As the 2015 UN Climate Conference approaches, new studies indicate its necessity. Studies released last week indicated that both greenhouse gas concentrations and global temperature have reached new milestones since the Anthropocene began with the industrial revolution.
The first study, coming from the World Meteorological Organization (W.M.O.), confirmed that the average global CO2 concentration topped 400 parts per million (as a monthly average) in the opening months of this year. The number represents an increase of 43 percent from pre-1750 levels of 278 parts per million.

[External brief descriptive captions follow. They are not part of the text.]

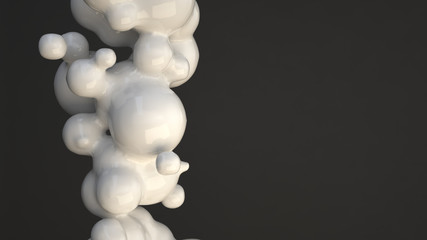 Abstract white bubble from spherecial shapes
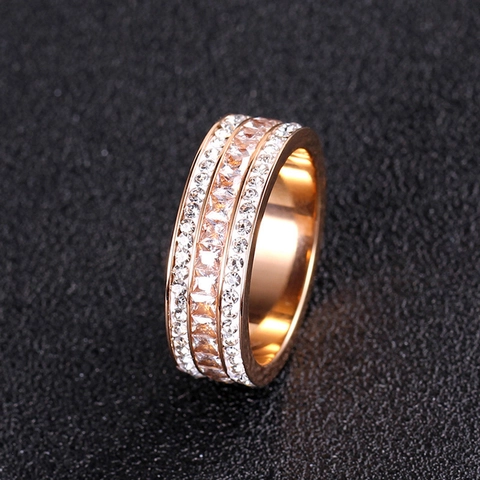 316 Stainless Steel Rose Gold Triple Row Ring With Cubic Zirconia Princess Square Cut Wedding Band For Women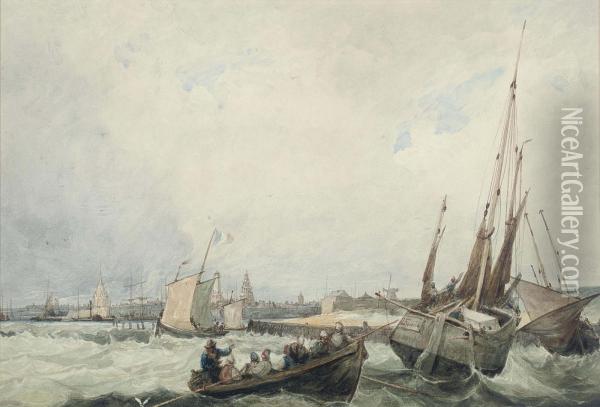 A Blustery Day Off The Harbour At Calais Oil Painting - Francois Louis Thomas Francia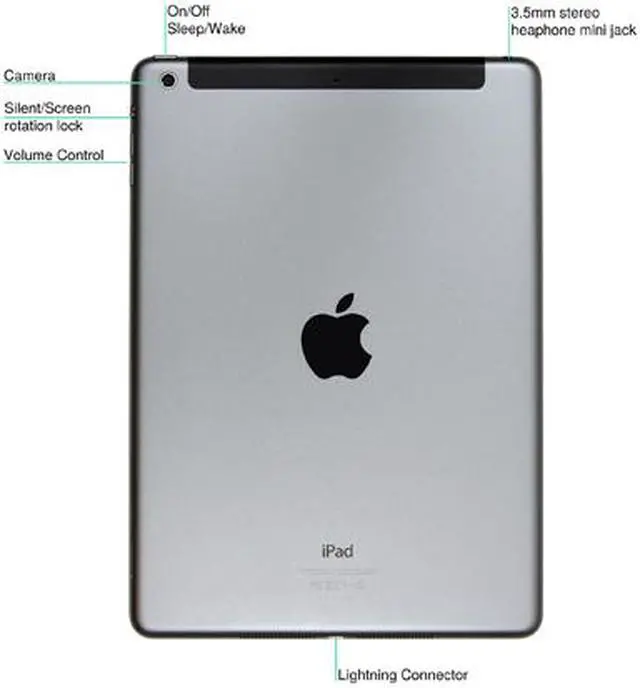 Alt view image 2 of 3 - Apple iPad Air A1475 (MF003LL/A) 1GB Memory 32GB Flash Storage 9.7" 2048 x 1536 Tablet PC iOS Black/Space Gray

The second study, coming from the Met Office and Climatic Research Unit at the University of East Anglia in Britain, reported that Earth’s average temperature has crossed the anticipated 1 degree Celsius mark. Temperature data from January to September indicates that global averages over those nine months exceeded historical averages by 1.02 degrees Celsius.
“This evidence shows us that the concentrations are increasing, and they are increasing with increasing rates,” Oksana Tarasova, chief of the W.M.O.’s Atmospheric Environment Research Division, told The New York Times. “This calls for urgent and very strong actions to limit the emission of those greenhouse gases.”

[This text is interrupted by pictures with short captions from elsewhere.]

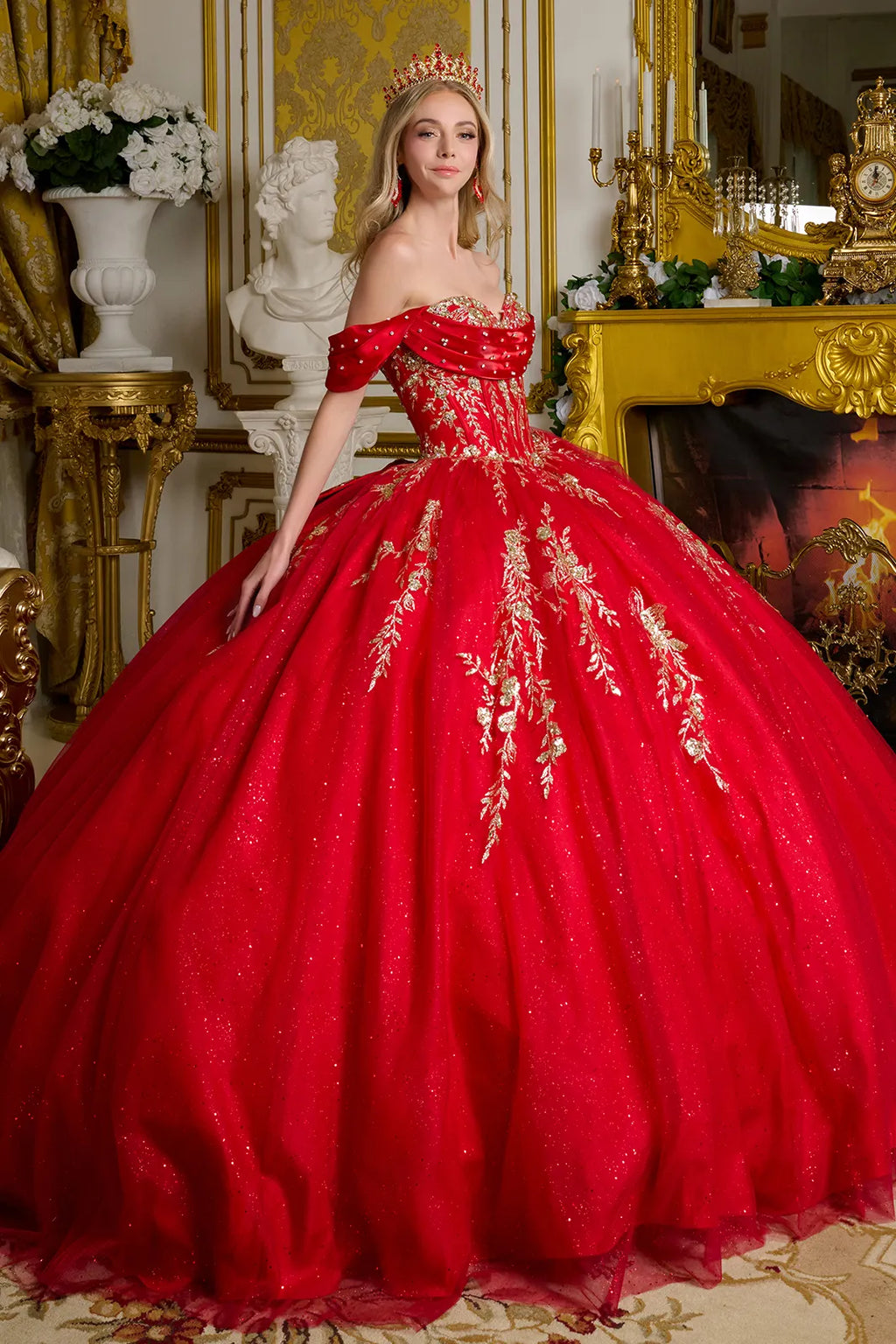 Off Shoulder Ball Gown by Elizabeth K GL3631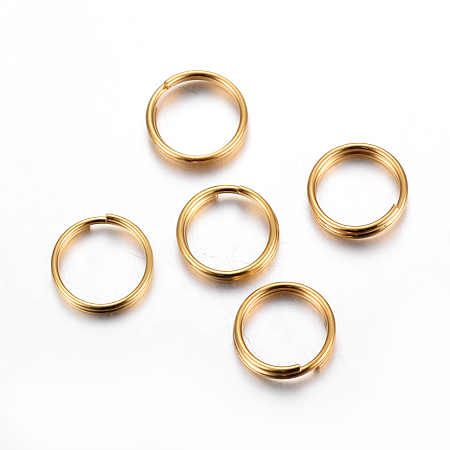 Honeyhandy 304 Stainless Steel Split Rings, Double Loops Jump Rings, Golden, 6x1mm, Inner Diameter: 5mm, Single Wire: 0.5mm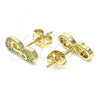 Oro Laminado Stud Earring, Gold Filled Style Infinite Design, with White Micro Pave, Polished, Golden Finish, 02.342.0108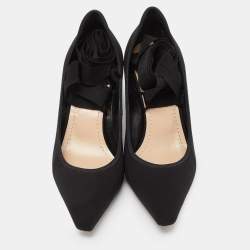 Pre Owned Dior Black Neoprene Lucite Etoile Ankle Wrap Wedge Pumps Size 38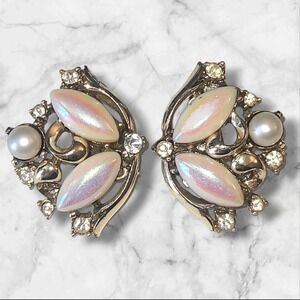 Vintage Richelieu AB Aurora Borealis Rhinestone Navette Clip Earrings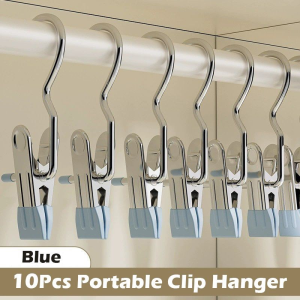 Clothes Hanger Stainless Steel 30 Clips Windproof Space Saving Pants Sock Drying Rack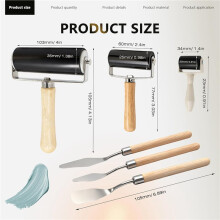12 Pack Rubber Brayer Roller Kit,3 Sizes Rubber Rollers with 6 Scrapers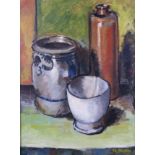 Gustaav de Bruyne: oil on canvas, still life of a bottle and jars, 15" x 11", in silvered frame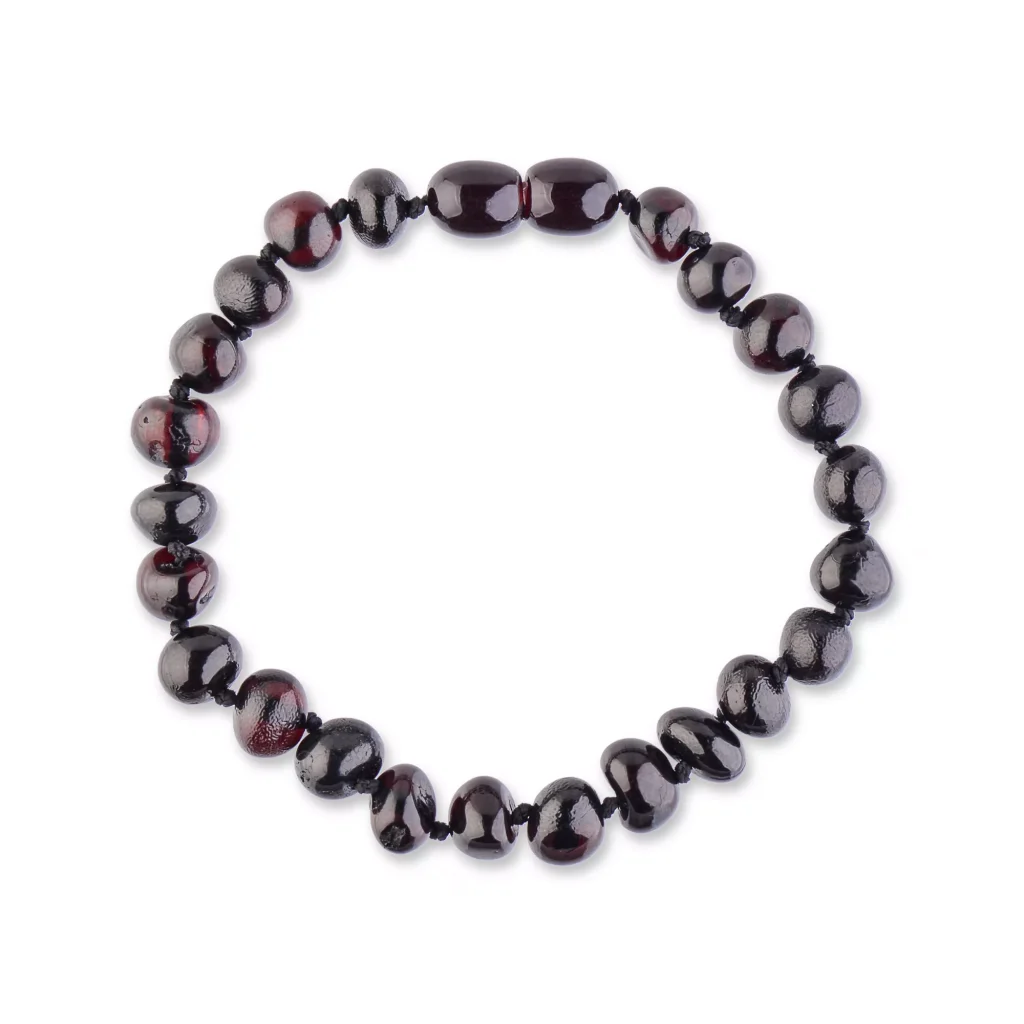 Polished cherry color amber bracelet with clasp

Tarasova added that the number was “symbolic,” since “there is nothing magic about 400 — it’s nothing better than 399 or 401. This is like our obligation to ourselves; we’d like to not go over 400.”

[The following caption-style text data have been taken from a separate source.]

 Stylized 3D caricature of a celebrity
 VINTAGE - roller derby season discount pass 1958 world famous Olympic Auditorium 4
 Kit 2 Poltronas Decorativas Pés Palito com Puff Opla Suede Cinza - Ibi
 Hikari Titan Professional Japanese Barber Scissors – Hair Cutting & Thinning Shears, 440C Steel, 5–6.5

The reason 400 has become the threshold number is because it is tied to commitments made by a number of nations — and the fact that it has now been surpassed is indicative that “our commitments are not there,” Tarasova said.
A somewhat less symbolic (and more significant) figure is 560 (double the pre-industrial levels): should greenhouse gas concentrations exceed that, according to Tarasova and The New York Times, then the combination of water vapor and anthropogenic greenhouse gases will increase warming by a rate of triple the capabilities of the latter factor alone.
“We can’t see CO2. It is an invisible threat, but a very real one,” Michel Jarraud, head of the United Nations weather agency, said. “It means hotter global temperatures, more extreme weather events like heatwaves and floods, melting ice, rising sea levels and increased acidity of the oceans. This is happening now and we are moving into unchartered territory at a frightening speed.”
According to Joby Warrick of Washington Post, this year is likely to top 2014 as the warmest year on record.
This month’s studies come on the heels of one published last month in the journal Nature Climate Change, which predicted that parts of the Persian Gulf could be in danger — by the end of this century — of occasional temperatures high enough to cause hyperthermia after six hours of exposure. And this “even for the fittest of humans,” reads the paper, by Jeremy S. Pal of Loyola Marymount University in Los Angeles and Elfatih A. B. Elthahir of the Massachusetts Institute of Technology.
“Our results,” they wrote, “expose a regional hotspot where climate change, in the absence of significant mitigation, is likely to severely impact human habitability in the future.”